The `fq` parameter needs to be a list.  You write a list in yaml by
starting each list item with a dash.  Example `main-input.yaml`

```
fq:
  - class: File
    location: rnaseq/raw_fastq/Mov10_oe_1.subset.fq
    format: http://edamontology.org/format_1930
  - class: File
    location: rnaseq/raw_fastq/Mov10_oe_2.subset.fq
    format: http://edamontology.org/format_1930
  - class: File
    location: rnaseq/raw_fastq/Mov10_oe_3.subset.fq
    format: http://edamontology.org/format_1930
  - class: File
    location: rnaseq/raw_fastq/Irrel_kd_1.subset.fq
    format: http://edamontology.org/format_1930
  - class: File
    location: rnaseq/raw_fastq/Irrel_kd_2.subset.fq
    format: http://edamontology.org/format_1930
  - class: File
    location: rnaseq/raw_fastq/Irrel_kd_3.subset.fq
    format: http://edamontology.org/format_1930
genome:
  class: Directory
  location: hg19-chr1-STAR-index
gtf:
  class: File
  location: rnaseq/reference_data/chr1-hg19_genes.gtf
```

Now you can run the workflow the same way as in Lesson 2.

4. Combining results

Each instance of the alignment workflow produces its own featureCounts
file.  However, to be able to compare results easily, we need them a
single file with all the results.

The easiest way to do this is to run `featureCounts` just once at the
end of the workflow, with all the bam files listed on the command
line.

We'll need to modify a few things.

First, in `featureCounts.cwl` we need to modify it to accept either a
single bam file or list of bam files.

```
inputs:
  gtf: File
  counts_input_bam:
   - File
   - File[]
```

Second, in `alignment.cwl` we need to remove the `featureCounts` step from alignment.cwl, as well as the `featurecounts` output parameter.
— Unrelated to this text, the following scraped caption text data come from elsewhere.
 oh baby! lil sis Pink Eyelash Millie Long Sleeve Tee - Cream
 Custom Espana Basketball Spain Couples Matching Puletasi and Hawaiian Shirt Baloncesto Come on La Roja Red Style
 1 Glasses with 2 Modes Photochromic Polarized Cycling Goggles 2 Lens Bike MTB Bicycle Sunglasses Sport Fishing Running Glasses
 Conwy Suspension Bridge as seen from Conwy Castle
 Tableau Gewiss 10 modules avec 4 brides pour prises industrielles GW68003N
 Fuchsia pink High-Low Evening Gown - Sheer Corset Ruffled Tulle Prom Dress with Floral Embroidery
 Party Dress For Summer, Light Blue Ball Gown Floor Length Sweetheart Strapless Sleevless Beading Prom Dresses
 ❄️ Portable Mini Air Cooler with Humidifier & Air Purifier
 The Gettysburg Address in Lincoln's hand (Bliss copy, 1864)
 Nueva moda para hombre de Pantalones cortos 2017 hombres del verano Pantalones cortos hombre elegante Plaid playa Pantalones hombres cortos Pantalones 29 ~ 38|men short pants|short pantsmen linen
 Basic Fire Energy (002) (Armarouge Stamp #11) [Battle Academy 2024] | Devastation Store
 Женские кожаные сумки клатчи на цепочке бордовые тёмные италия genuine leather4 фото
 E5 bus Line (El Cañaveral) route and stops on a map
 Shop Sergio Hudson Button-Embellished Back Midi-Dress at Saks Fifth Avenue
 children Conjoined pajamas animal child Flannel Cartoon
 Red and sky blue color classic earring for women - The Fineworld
Third, in `main.cwl` we need to remove `featurecounts` from the `alignment` step
outputs, and add a new step:

```
steps:
  alignment:
    run: alignment.cwl
    scatter: fq
    in:
      fq: fq
      genome: genome
      gtf: gtf
    out: [qc_html, bam_sorted_indexed]
  featureCounts:
    requirements:
      ResourceRequirement:
        ramMin: 500
    run: featureCounts.cwl
    in:
      counts_input_bam: alignment/bam_sorted_indexed
      gtf: gtf
    out: [featurecounts]
```

Last, we modify the `featurecounts` output parameter.  Instead of a
list of files produced by the `alignment` step, it is now a single
file produced by the new `featureCounts` step.

```
outputs:
  ...
  featurecounts:
    type: File
    outputSource: featureCounts/featurecounts
```

Run this workflow to get a single `featurecounts.tsv` file with a column for each bam file.